In tale frangente, l’azione dei media gioca un ruolo fondamentale nel direzionare l’opinione pubblica. Il modo in cui un soggetto (nel caso di questo scritto, lo straniero) viene dipinto dai mezzi di comunicazione diventa prima o poi il modo di vederlo e interpretarlo della maggior parte della popolazione. Il cinema in questo senso gioca un ruolo fondamentale, in particolare modo grazie alla natura diretta. Non tutti possono leggere un giornale o un libro e men che meno tutti possono capire un’opera d’arte ma un film è un prodotto fruibile da un larghissimo pubblico, che vi leggerà un messaggio diverso a seconda del grado di erudizione e di risorse simboliche a propria disposizione.
Nel decidere a quale minoranza etnica presente in Giappone fare riferimento ho scelto di concentrarmi in modo particolare sui Coreani, immigrati nel corso della storia, attualmente residenti o nati e cresciuti in Giappone. Essi hanno storicamente rappresentato il più nutrito e discriminato sottogruppo etnico presente sul suolo giapponese. Lunghissima è la storia dei contatti tra i due paesi ma gli inizi del ‘900 segnano l’inizio delle asperità che in misura minore durano tutt’ora.
Come si è posto il cinema giapponese nei loro confronti nel corso della storia? Come dipinge coloro che più di tutti sono stati “stranieri in Giappone”? Si adagia nello stereotipo diffuso e accettato dalla società, si pone in linea con il periodo storico in cui la pellicola viene prodotta, oppure cerca di contrastare e contraddire l’immagine comune?

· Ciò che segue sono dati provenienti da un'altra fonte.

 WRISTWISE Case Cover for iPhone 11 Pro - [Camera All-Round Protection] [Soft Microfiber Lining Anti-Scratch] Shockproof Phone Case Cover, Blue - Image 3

Nel primo capitolo cercherò di inquadrare il contesto storico in cui si sono concretizzati i rapporti tra Giappone e Corea a partire dall’annessione di quest’ultima come colonia dell’Impero giapponese nel 1910. Il secondo capitolo tratterà invece si concentrerà sulla produzione cinematografica degli anni a cavallo tra le due guerre, con particolare attenzione al cinema di propaganda. Il terzo capitolo si concentrerà sul cinema giapponese dal dopoguerra fino agli anni ’80. Il fulcro principale dell’analisi sarà quello della capacità del cinema di creare una “comunità immaginata”. Verrà analizzata la produzione del regista Ōshima Nagisa. Il quarto capIl quarto capitolo tratterà gli anni ’90 e 2000, con la cosiddetta “Korean Wave”. I prodotti di intrattenimento Sudcoreani hanno un enorme successo in tutta l’Asia e il successo inizia a cambiare l’immagine del paese agli occhi dei suoi vicini. Verranno analizzati la serie tv “Winter sonata” e film come “Tsuki wa docchi ni deteiru” (1993), “Pacchigi!”, “Chi to hone” (2004). Il quinto capitolo, più breve, trarrà le conclusioni facendo riferimento anche agli anni più recenti, con il triste propagarsi degli “hate speech” contro gli Zainichi da parte di alcune associazioni ultra-nazionaliste e mostrerà i risultati di un sondaggio da me condotto presso l’università di Tsukuba di Ibaraki.